Ein weiterer wichtiger Faktor: Der Löwenanteil dieses Wachstums wird nicht vom staatlichen, sondern vom privaten Sektor kommen. Die chinesische Regierung bereitet Anreize für den privaten Sektor vor, um die Inlandsnachfrage und die Produktivität zu erhöhen. Schon jetzt sind private Unternehmen in China bei Weitem rentabler als staatliche.

Wachsende Konkurrenz

Ein verstärkt privatisierter chinesischer Markt mit starker Inlandsnachfrage wird der Weltwirtschaft guttun. Er bedeutet aber auch eine noch stärkere Konkurrenz im Reich der Mitte. Chinesische Unternehmen werden effizienter und einfallsreicher werden. Aktuelle Umfragen er­geben, dass internationale Firmen die lokalen chinesischen Unternehmen als grösste Konkurrenz ansehen. Vor wenigen Jahren nahmen sich internationale Firmen noch gegenseitig als grösste Konkurrenz wahr. Die Konkurrenz wird also genauso wachsen wie die Marktchancen. Manager in China haben deswegen zwei Möglichkeiten: Entweder sie erhöhen die operative Effizienz, um mit denselben Ressourcen einen grösseren Output zu schaffen. Oder aber sie klettern die Wertschöpfungskette empor, verbessern ihre Produkte und Technologien und erhöhen so ihre Gewinnspannen. Die Nutzbarmachung von technologischen Potenzialen ist ein bedeutender Schritt, um diese Ziele zu erreichen. Ohne Automation keine Steigerung der Effizienz. Und ohne Technologie keine Verbesserung und Anpassung von Produkten und Services.
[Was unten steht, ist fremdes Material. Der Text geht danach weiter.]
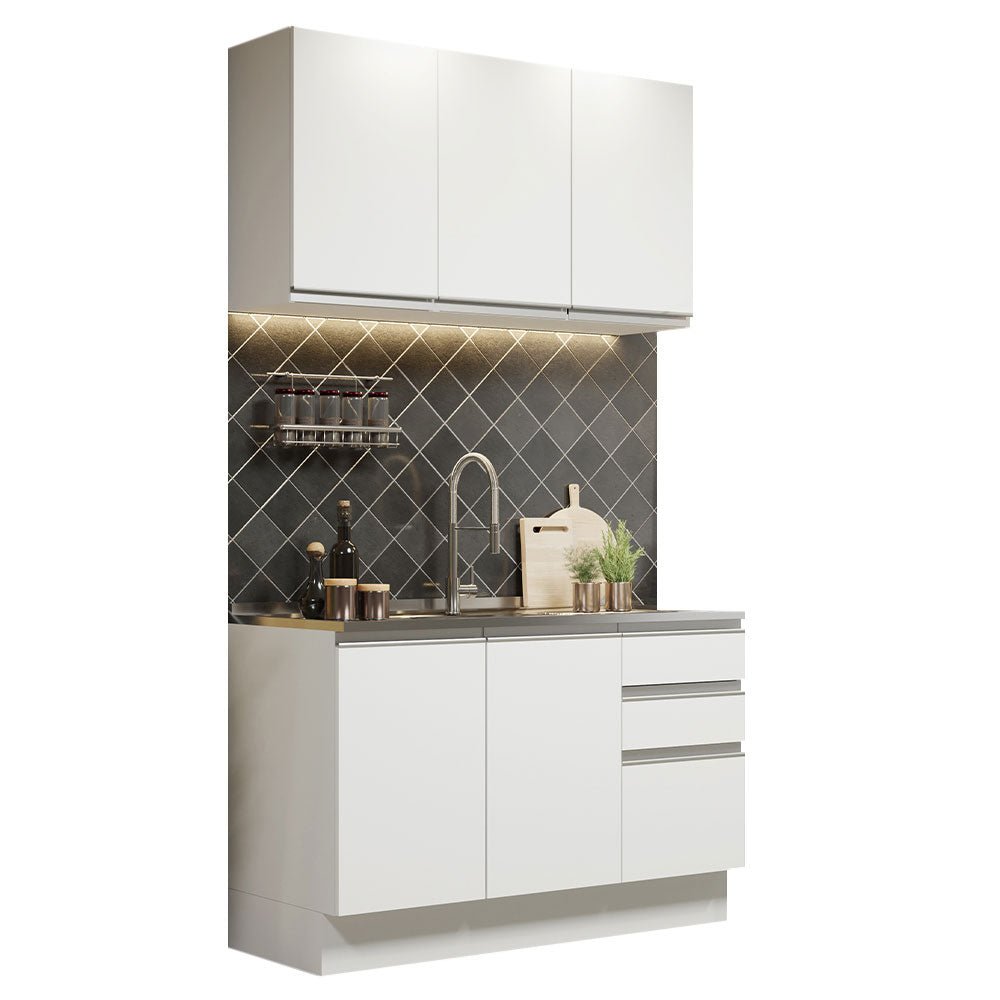 Cocina Integral Glamy Blanco 120x225cm con Mesón de Acero Inoxidable con Dos Muebles Superiores y sin Estufa - COCINAS | Bylmo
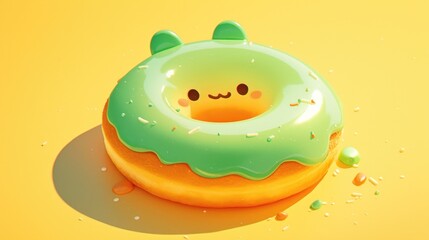 Adorable donut with green icing and eyes standing out against a sunny yellow backdrop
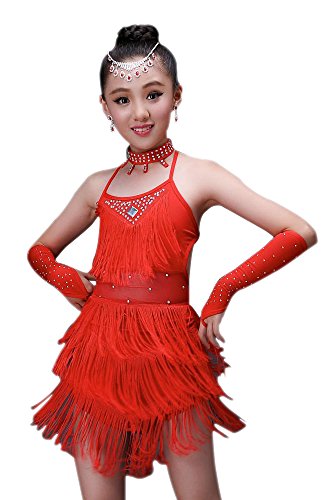 BOZEVON Kinder Mädchen Latin Kinder Lateinamerikanischer Tanz Trikot Quaste Tanzkleid von BOZEVON
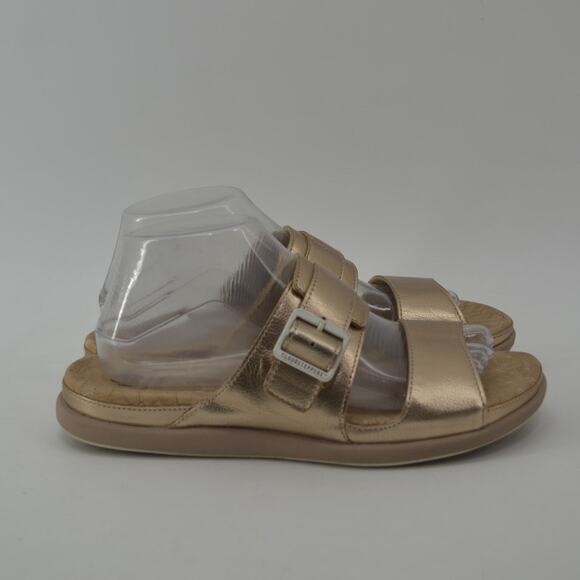 Cloudsteppers Clarks Size 9 June Tide Gold Metallic Slides - Picture 4 of 14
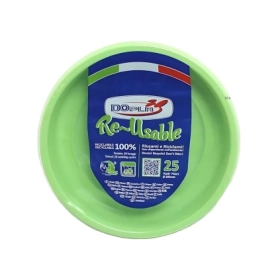 Piatti Verde Acido fondi 20,5cm riutilizzabili, 25pz.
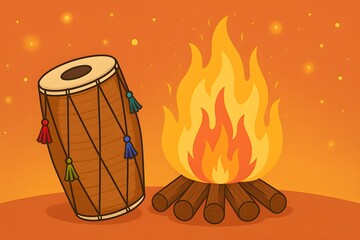 Festive bonfire and dhol drum celebration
Ebenso wichtig wird sein, in diesem hochkompetitiven Umfeld auf den richtigen Mix aus importierten und vor Ort entwickelten Produkten und Geräten zu setzen. Die Ressourcen und Leistungsfähigkeit vor Ort werden besser. Nicht zuletzt zeigen aktuelle, hervorragende Testergebnisse von chinesischen Schülern in Mathematik und Technik, dass sich China auch in Sachen Know-how auf dem richtigen Weg befindet.